* Task to complete
Exact copies of the lines below are the goal; any images in them are dropped.

* Data
= = =
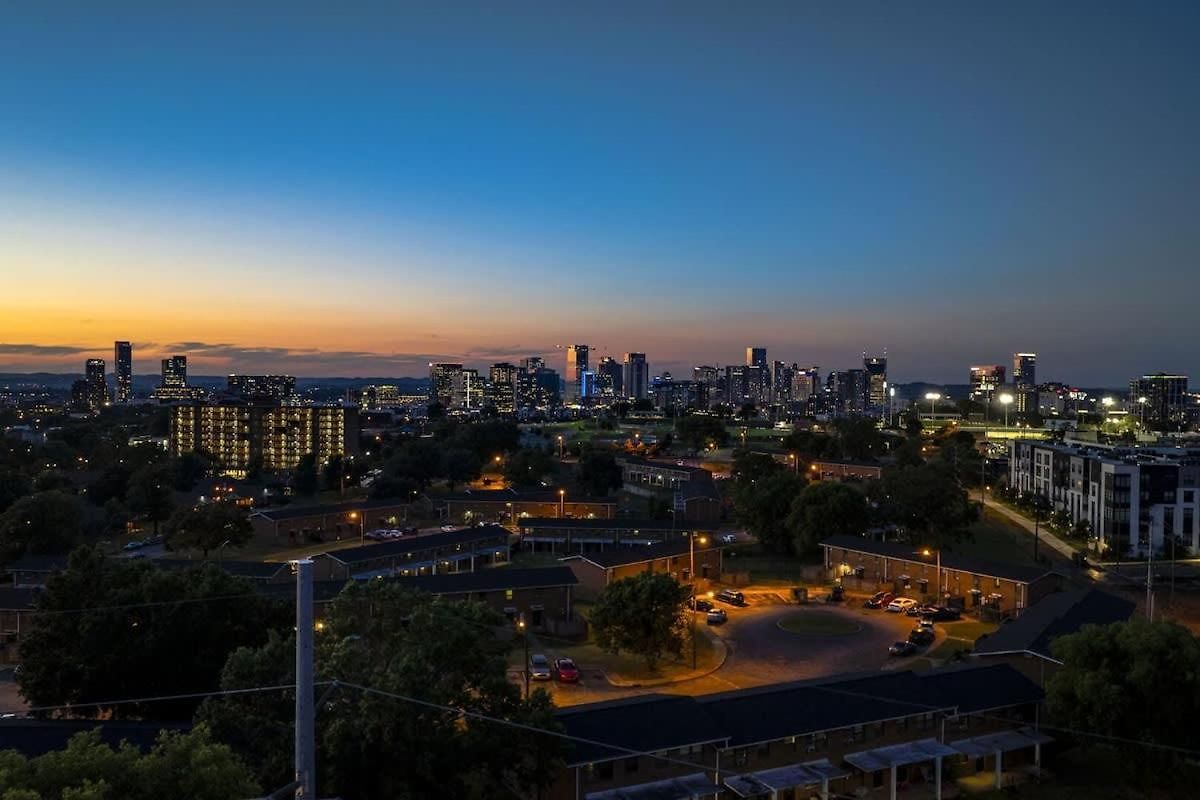 Luxe-elevate-modern Luxury-stunning Views Nashville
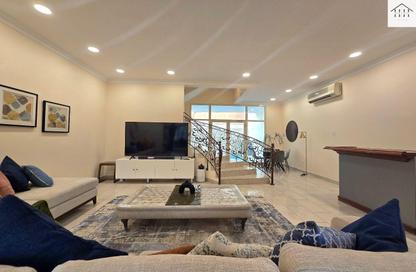 Villa - 3 Bedrooms - 4 Bathrooms for rent in Al Juffair - Capital Governorate
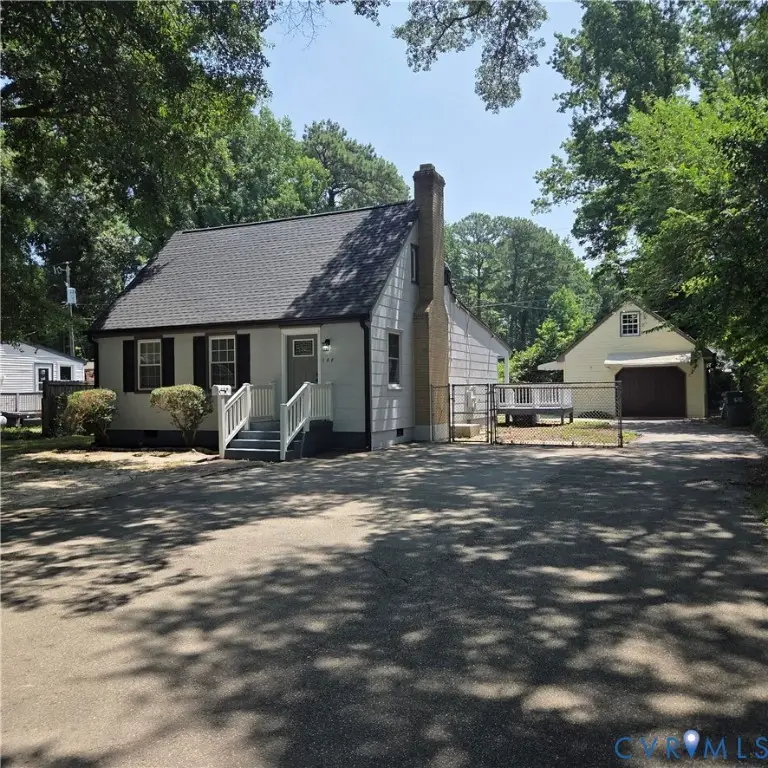 106 Garland Avenue, Sandston, VA 23150 - #2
= = =
* Finished exercise
 Luxe-elevate-modern Luxury-stunning Views Nashville
 Villa - 3 Bedrooms - 4 Bathrooms for rent in Al Juffair - Capital Governorate
 106 Garland Avenue, Sandston, VA 23150 - #2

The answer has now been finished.